____ Supplied data

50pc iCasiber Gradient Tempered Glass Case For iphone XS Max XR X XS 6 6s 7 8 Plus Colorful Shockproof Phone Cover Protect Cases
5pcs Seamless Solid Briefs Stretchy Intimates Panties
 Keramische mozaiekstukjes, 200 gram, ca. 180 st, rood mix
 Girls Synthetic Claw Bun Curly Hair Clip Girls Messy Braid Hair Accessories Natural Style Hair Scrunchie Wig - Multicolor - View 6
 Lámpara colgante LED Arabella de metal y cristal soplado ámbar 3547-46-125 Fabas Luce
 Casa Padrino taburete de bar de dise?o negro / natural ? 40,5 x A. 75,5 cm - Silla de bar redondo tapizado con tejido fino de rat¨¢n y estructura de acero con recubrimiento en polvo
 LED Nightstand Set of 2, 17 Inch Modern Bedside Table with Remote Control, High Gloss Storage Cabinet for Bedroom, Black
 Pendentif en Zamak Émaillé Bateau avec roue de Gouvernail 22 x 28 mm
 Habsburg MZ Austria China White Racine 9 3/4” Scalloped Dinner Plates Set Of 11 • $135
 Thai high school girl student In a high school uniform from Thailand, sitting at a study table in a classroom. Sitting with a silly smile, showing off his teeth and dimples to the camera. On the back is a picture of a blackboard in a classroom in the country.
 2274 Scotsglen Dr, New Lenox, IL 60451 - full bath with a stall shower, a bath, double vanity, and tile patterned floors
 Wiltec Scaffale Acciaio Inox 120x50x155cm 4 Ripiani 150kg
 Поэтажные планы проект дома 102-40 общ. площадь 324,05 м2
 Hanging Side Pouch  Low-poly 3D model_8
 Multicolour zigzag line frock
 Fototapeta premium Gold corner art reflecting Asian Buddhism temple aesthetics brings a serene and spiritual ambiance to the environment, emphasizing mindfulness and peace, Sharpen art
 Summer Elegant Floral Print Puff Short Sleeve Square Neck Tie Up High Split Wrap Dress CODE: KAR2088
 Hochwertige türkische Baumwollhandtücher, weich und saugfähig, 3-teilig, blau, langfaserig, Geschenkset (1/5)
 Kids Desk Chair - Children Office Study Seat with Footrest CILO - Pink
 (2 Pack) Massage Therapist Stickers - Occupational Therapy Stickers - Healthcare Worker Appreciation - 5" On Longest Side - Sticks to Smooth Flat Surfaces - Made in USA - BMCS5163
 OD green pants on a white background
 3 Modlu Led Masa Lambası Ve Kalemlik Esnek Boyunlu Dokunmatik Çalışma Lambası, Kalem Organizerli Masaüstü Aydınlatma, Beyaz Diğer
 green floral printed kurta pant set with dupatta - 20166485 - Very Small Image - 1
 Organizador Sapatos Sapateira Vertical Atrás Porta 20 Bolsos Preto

________

### Your objective
Both the first line of the data above and the line with "Habsburg MZ Austria" must be included; please return exactly those lines and the ones between them.

### Output for this exercise
50pc iCasiber Gradient Tempered Glass Case For iphone XS Max XR X XS 6 6s 7 8 Plus Colorful Shockproof Phone Cover Protect Cases
5pcs Seamless Solid Briefs Stretchy Intimates Panties
 Keramische mozaiekstukjes, 200 gram, ca. 180 st, rood mix
 Girls Synthetic Claw Bun Curly Hair Clip Girls Messy Braid Hair Accessories Natural Style Hair Scrunchie Wig - Multicolor - View 6
 Lámpara colgante LED Arabella de metal y cristal soplado ámbar 3547-46-125 Fabas Luce
 Casa Padrino taburete de bar de dise?o negro / natural ? 40,5 x A. 75,5 cm - Silla de bar redondo tapizado con tejido fino de rat¨¢n y estructura de acero con recubrimiento en polvo
 LED Nightstand Set of 2, 17 Inch Modern Bedside Table with Remote Control, High Gloss Storage Cabinet for Bedroom, Black
 Pendentif en Zamak Émaillé Bateau avec roue de Gouvernail 22 x 28 mm
 Habsburg MZ Austria China White Racine 9 3/4” Scalloped Dinner Plates Set Of 11 • $135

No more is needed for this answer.